Now in case of RBT , there can be some violation . Let's see :

If we are deleting a red node , we are safe (Remember that we can easily delete from 2 key node in our slightly modified BST as it doesn't affect the height of the tree)
But if we are deleting a black node , we are in trouble : ( Deleting a black node will violate the first property we have seen earlier . We gotta fix this . This is the whole fiasco is about .

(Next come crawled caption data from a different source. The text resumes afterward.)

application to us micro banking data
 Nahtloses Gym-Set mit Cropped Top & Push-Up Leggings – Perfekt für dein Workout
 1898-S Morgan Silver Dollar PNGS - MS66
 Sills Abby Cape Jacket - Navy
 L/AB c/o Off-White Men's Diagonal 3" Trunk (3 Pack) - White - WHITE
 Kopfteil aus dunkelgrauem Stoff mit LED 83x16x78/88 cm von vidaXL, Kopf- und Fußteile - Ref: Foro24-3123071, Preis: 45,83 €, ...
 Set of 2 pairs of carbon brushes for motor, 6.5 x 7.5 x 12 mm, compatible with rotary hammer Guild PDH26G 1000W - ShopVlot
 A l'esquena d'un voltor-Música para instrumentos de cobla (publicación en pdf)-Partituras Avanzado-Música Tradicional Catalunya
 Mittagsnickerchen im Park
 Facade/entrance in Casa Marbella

Let's begin . Rather than telling you a bunch of awful rules to memorize , let us see what can and can't be done intuitively . Let me walk you thorough -

The Easy One

This time , the node we deleted has black sibling and no red children . Let see how it goes if we want to restore balance -

The idea to solve this is we hand our problem to the parent . And if the parent couldn't solve , then we repeat the same process . We know that it will be fixed some time in the future because we just saw in the case of parent being the root , our problem is solved immediately .

The Easier One
This time , the node we deleted has black sibling and at least one red children . Let's see how this one goes -

Pretty easy !

There is just one corner case , if the only red child was the right node in the example we just saw , we would have to do one more rotation (like we did in the insert) to make it like the one we solved .

The Clever One

We are almost done . We just need to take care of one last thing . The red sibling case -

And now , we are done . See ! It was not that bad . Once we know why we are doing what , it immensely simplifies stuffs !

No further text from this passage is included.